The first thing they cast aspersions on is who really were involved in the Liberation War of 1971. They hold this assumed idea that it was fought between Pakistan and India, and Bangladesh was made a scapegoat for the long-borne rivalry between these two belligerent countries of the subcontinent. They argue that India came to help Bangladesh as a snake in the grass, and profited more than Bangladesh by fighting and winning the war. What Bangladesh gained was not worth the candle. They shed crocodile tears for Bangladesh, and keep smelling a rat in India’s relations with Bangladesh.
It is, however, not a spur-of-the-moment idea. It’s rather the part of a deliberate propaganda campaign. The exponents of this queer theory must have a far-reaching cause at the back of their mind. They are trying to give currency to this grotesque idea at such a time when the war criminals are standing trial, and the whole nation is supporting it except for a few of their blind followers and staunchest allies.
So, while the whole gamut of the fundamentalist politics in Bangladesh is going through a sticky patch, and the marked war criminals are languishing in prison, their hired hands are trying to clutch at straws by manufacturing weird ideas with a view to fishing in the troubled waters. Their motive is to pass the buck to others, and prove the accused innocent. They try to establish that there was no war between Bangladesh and Pakistan, and there should be no question of the existence of war criminals in Bangladesh. They point their accusing finger at the Pakistani occupation army, and ask to try the 195 captured Pakistani soldiers who were acquitted as per the conditions of the Simla Treaty drawn up on July 2, 1972. But that was virtually impossible at the moment.

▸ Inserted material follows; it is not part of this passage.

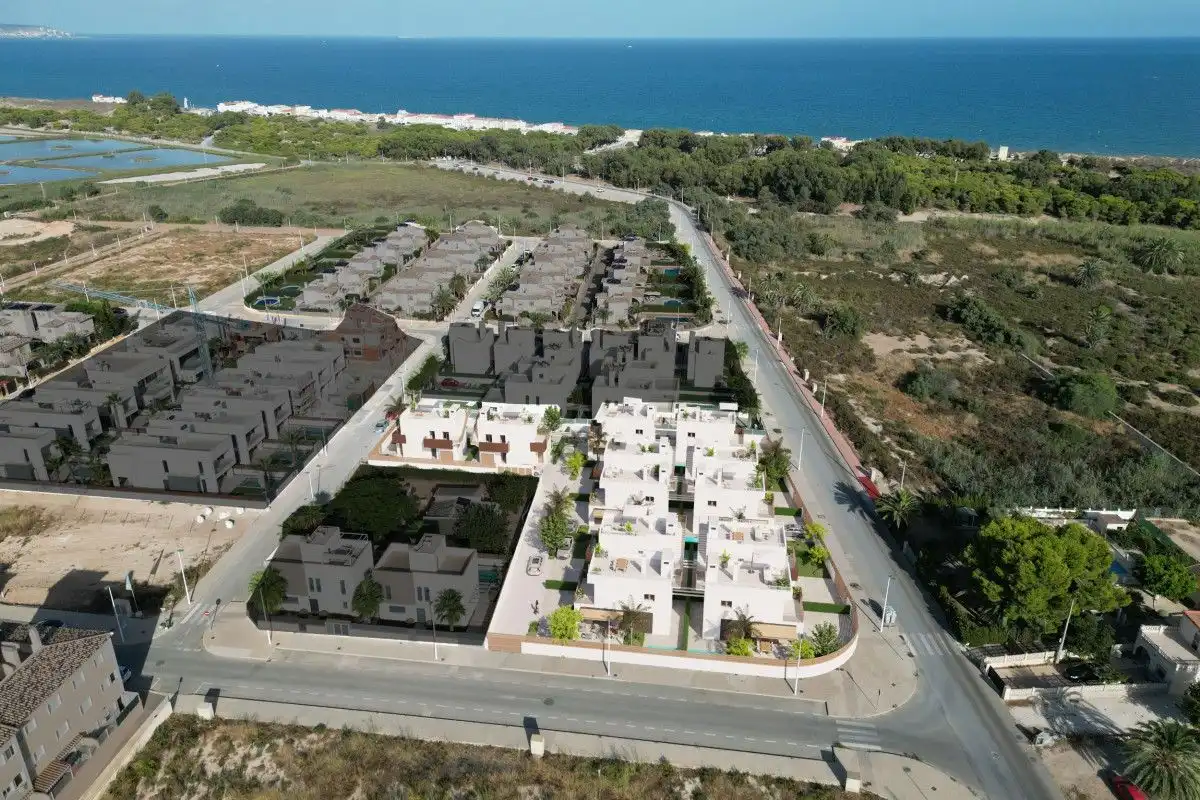 Reihenhaus mit Pool zum Verkauf in La Marina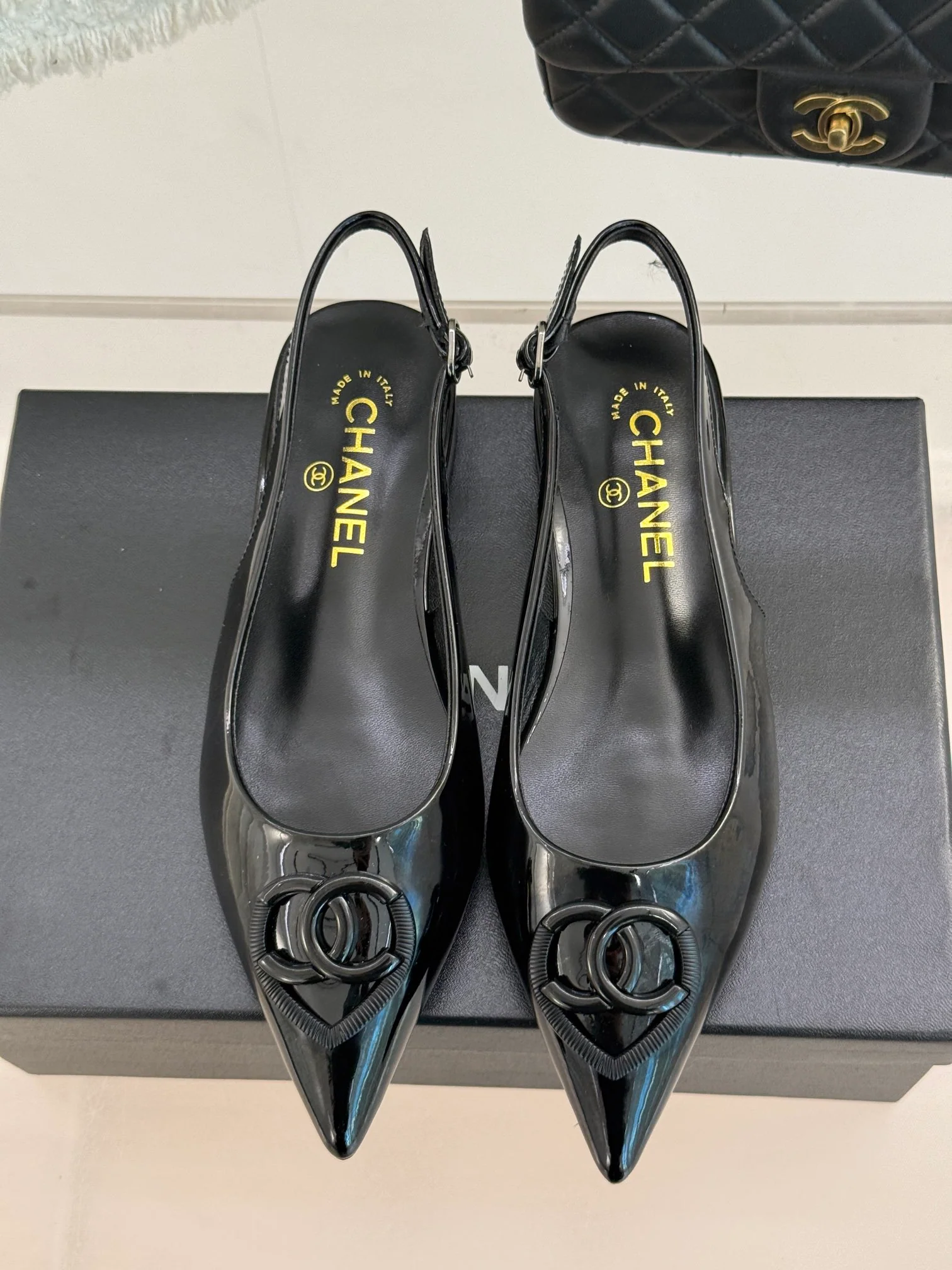 Сандалии Chanel 2024 с острым носком в форме сердца на низком каблуке - Черные - 1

There were obvious reasons for that. 400,000 Bangladeshis stranded in West Pakistan during the Liberation War were held hostage by the Pakistan government, who used them as a bargaining chip to free the Pakistani war criminals captured in Bangladesh. Besides, 16,000 Bangladeshi civil servants were dismissed from job and barred from leaving Pakistan. Many of the army officers were put in concentration camps. So, while Bangladesh made an attempt to try those 195 POWs (prisoners of war) keeping them out of the repatriation process negotiated for the release of most of the stranded Bengalis and Pakistanis, Bhutto furiously refused and threatened that if Bangladesh carried out the trial, Pakistan too would hold similar tribunals against the Bangladeshis detained in Pakistan. The Pakistan Government also rejected Bangladesh’s right to try the prisoners of war on criminal charges and quickly seized 203 Bengalis as “virtual hostages” for the 195 soldiers. They however expressed their willingness to constitute a judicial tribunal and try them after the fashion of similar international tribunals. Bangladesh, being apprehensive about the fate of 400,000 Bengalis trapped in Pakistan and to gain access to the United Nations beating China’s veto, called a halt to its attempt at trying the Pakistanis in Dhaka with the hope that Pakistan would keep her promise and hold the trial of the accused 195 Pakistani soldiers. Upon this formal understanding, the last group of 203 detained Bangladeshis were repatriated to Bangladesh on March 24, 1974. But it is clear that the 195 Pakistanis were not freed without charges. The trial of the local collaborators however was being carried out until the killing of Mujib.
To make the current trial process conditional upon the trial of those 195 accused Pakistani soldiers, as many are making, is nothing but a legal sleight of hand to save the local war criminals facing the trial. It is also an indirect denial of the strong popular demand raised in favour of the trial. The Grand Alliance Government is trying to try the local criminals who were involved in killing, plunder, arson attacks, rape, molestation, and all other crimes against humanity perpetrated against the people of Bangladesh during the Liberation War with the backing of the Pakistani occupation army. They are, too, war criminals for aiding and abetting the war criminals, and in one sense more criminal than their Pakistani masters. The occupation army could not have perpetrated the massacre by themselves, if these local collaborators had not assisted them.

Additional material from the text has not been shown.